- _PROBLEM TO WORK ON_
Repeat the listing exactly, line by line, and leave the pictures behind.

═════ DATASET EXCERPT ═════

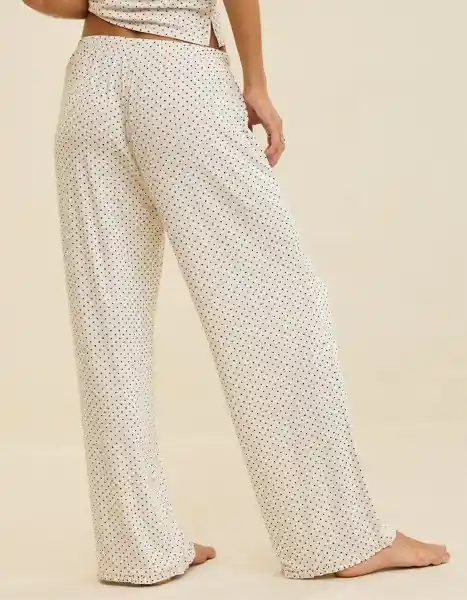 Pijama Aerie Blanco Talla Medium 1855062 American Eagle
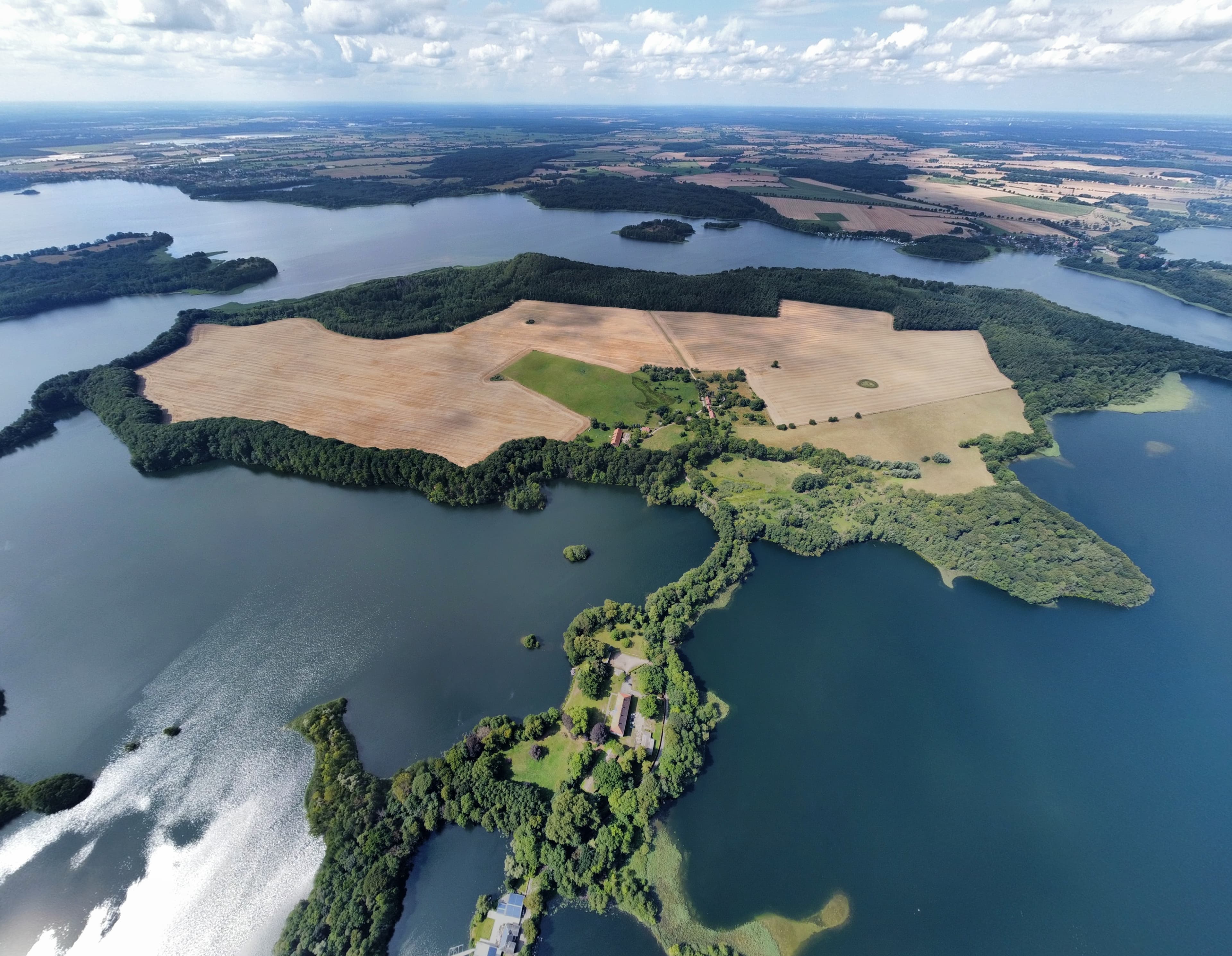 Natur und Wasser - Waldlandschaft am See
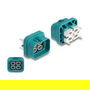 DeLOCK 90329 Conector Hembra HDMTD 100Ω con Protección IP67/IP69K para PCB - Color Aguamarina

═════

- _ANSWER TO THE EXERCISE_
 Pijama Aerie Blanco Talla Medium 1855062 American Eagle
 Natur und Wasser - Waldlandschaft am See
 DeLOCK 90329 Conector Hembra HDMTD 100Ω con Protección IP67/IP69K para PCB - Color Aguamarina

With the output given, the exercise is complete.